PEACE ROSE WILLIAMSON v. RAY CONKLIN, et al.

2:26-CV-91

UNITED STATES DISTRICT COURT EASTERN DISTRICT OF TENNESSEE AT GREENEVILLE

May 4, 2026

ORDER AND REPORT AND RECOMMENDATION

Plaintiff filed a pro se Complaint [Doc. 2] and accompanying Motion [Doc. 1] asking to proceed in forma pauperis. The Motion is before the United States Magistrate Judge pursuant to 28 U.S.C. § 636, and the standing orders of this Court.

I. IN FORMA PAUPERIS APPLICATION

The purpose of 28 U.S.C. § 1915 is to ensure that indigent litigants have meaningful access to the courts. Adkins v. E.I. DuPont de Nemours & Co., 335 U.S. 331, 342, 69 S. Ct. 85 (1948); Neitzke v. Williams, 490 U.S. 319, 324 (1989). The statute allows a litigant to commence a civil action without paying the administrative costs applicable to the lawsuit. Denton v.
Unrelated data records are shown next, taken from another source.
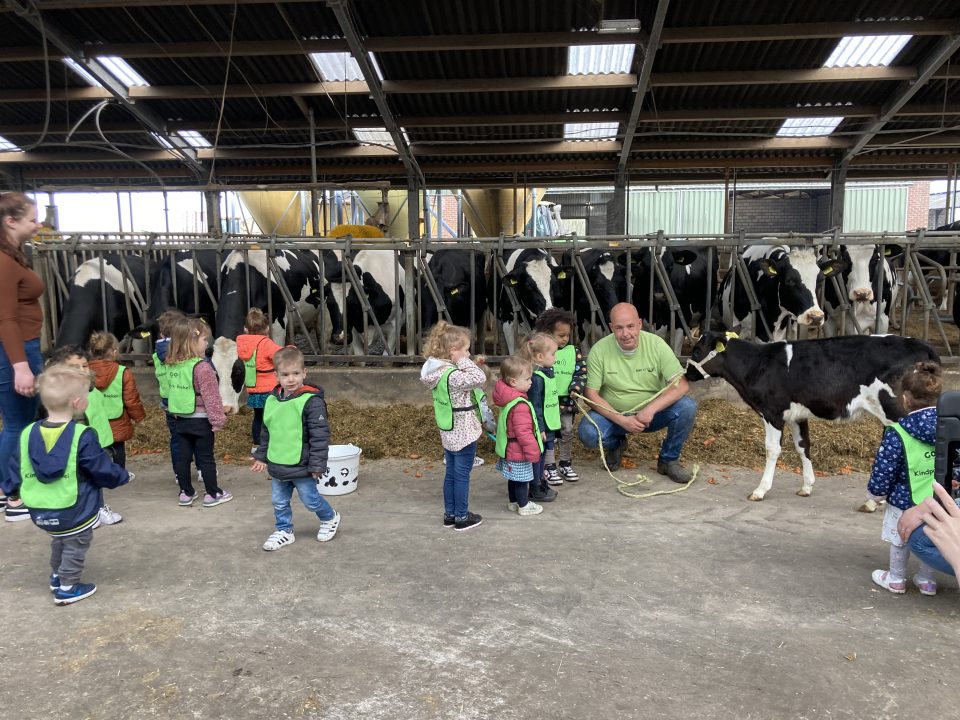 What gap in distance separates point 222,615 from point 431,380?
5.29ft

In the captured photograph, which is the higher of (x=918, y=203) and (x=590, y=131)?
(x=918, y=203)

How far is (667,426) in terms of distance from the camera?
5262 mm

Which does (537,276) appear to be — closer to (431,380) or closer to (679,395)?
(679,395)

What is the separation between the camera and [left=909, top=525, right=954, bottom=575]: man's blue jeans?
290cm

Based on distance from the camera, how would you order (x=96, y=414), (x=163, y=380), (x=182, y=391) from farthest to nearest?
1. (x=163, y=380)
2. (x=182, y=391)
3. (x=96, y=414)

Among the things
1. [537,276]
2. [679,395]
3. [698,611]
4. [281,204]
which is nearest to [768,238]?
[537,276]

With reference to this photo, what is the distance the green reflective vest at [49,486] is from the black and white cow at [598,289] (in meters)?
5.87

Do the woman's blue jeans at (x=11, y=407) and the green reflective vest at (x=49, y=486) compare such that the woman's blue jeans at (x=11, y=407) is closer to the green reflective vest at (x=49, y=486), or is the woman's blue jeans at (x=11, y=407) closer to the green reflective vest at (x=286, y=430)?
the green reflective vest at (x=49, y=486)

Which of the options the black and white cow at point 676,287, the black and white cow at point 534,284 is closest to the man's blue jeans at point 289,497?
the black and white cow at point 534,284

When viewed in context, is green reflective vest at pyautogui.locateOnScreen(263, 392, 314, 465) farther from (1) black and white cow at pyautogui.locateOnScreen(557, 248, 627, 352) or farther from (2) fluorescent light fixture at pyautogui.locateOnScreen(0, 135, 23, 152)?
(2) fluorescent light fixture at pyautogui.locateOnScreen(0, 135, 23, 152)

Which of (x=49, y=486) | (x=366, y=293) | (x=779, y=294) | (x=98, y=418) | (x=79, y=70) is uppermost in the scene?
(x=79, y=70)

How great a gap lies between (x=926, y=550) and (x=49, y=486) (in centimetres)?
365

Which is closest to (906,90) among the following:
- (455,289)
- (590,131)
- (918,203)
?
(590,131)

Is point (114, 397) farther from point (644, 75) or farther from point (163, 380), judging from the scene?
point (644, 75) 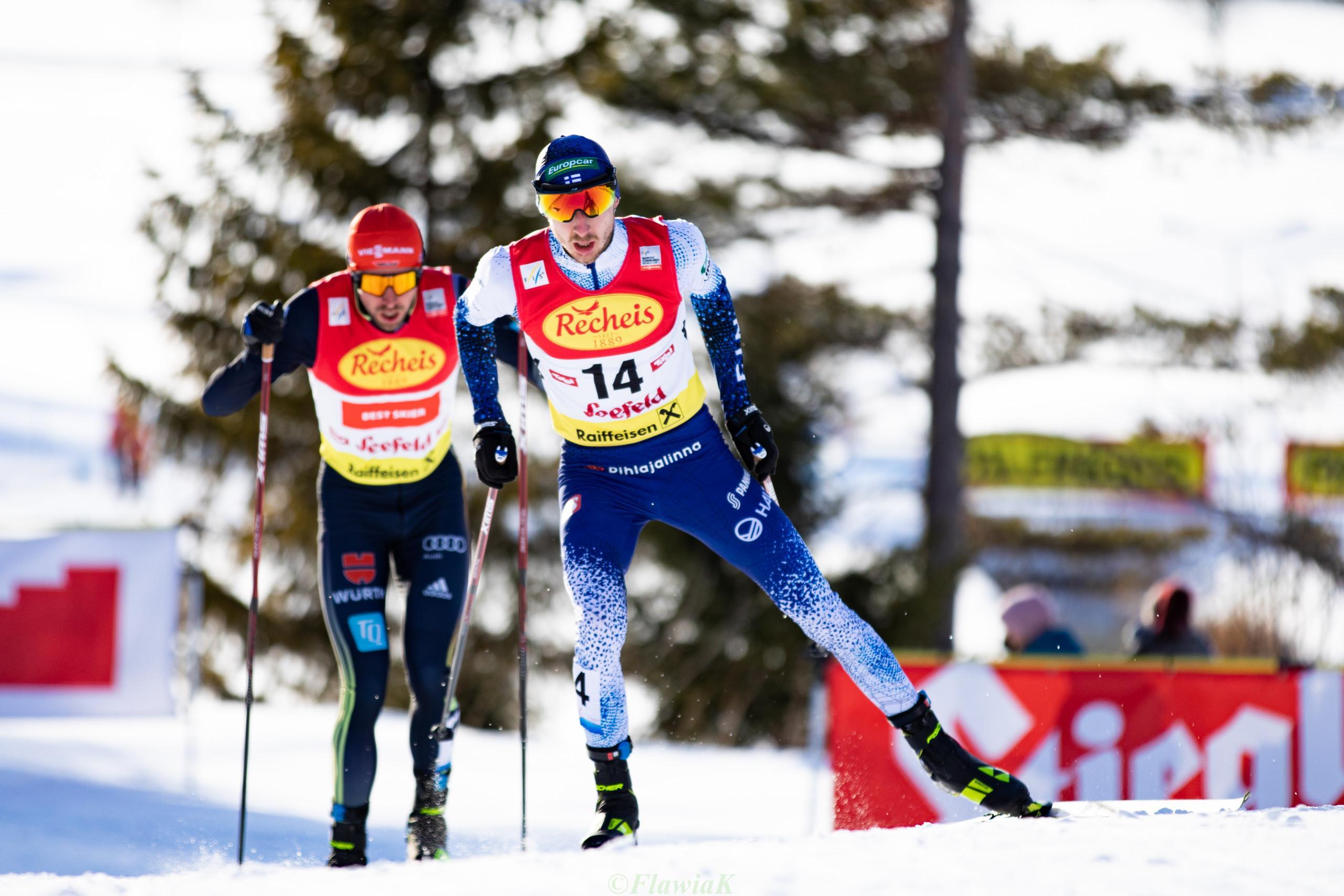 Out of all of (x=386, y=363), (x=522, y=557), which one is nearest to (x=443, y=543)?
(x=522, y=557)

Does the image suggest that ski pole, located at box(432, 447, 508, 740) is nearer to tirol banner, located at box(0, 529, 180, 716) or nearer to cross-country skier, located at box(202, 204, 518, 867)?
cross-country skier, located at box(202, 204, 518, 867)

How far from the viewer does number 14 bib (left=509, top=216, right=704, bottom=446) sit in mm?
3840

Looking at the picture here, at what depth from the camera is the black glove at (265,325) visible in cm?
461

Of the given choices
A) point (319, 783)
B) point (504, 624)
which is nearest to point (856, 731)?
point (319, 783)

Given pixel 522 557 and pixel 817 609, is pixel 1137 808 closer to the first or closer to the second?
pixel 817 609

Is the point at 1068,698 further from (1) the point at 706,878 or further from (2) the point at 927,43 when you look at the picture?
(2) the point at 927,43

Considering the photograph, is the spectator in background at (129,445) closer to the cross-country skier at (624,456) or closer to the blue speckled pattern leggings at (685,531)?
the cross-country skier at (624,456)

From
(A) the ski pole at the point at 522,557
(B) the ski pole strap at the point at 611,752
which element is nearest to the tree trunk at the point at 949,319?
(A) the ski pole at the point at 522,557

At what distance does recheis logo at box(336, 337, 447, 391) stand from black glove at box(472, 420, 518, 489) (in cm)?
60

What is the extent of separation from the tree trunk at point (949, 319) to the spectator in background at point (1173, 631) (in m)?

Hernandez, 504 U.S. 25, 27, 112 S. Ct. 1728 (1992).

The Court‘s review of an in forma pauperis application is normally based solely on the affidavit of indigence. See Gibson v. R.G. Smith Co., 915 F.2d 260, 262-63 (6th Cir. 1990). To proceed in forma pauperis, a plaintiff must show, by affidavit, the inability to pay court fees and costs. 28 U.S.C. §1915(a). At the same time, one need not be destitute to enjoy the benefit of proceeding in forma pauperis. Adkins, 335 U.S. at 342, 69 S. Ct. at 90. An affidavit to proceed in forma pauperis is sufficient if it demonstrates that the requesting party cannot afford to pay for the costs of litigation and still pay for the necessities of life due to being impoverished. Id. at 339, 69 S. Ct. at 89. The decision to grant or deny such an application lies within the sound discretion of the Court. Phipps v. King, 866 F.2d 824, 825 (6th Cir. 1988).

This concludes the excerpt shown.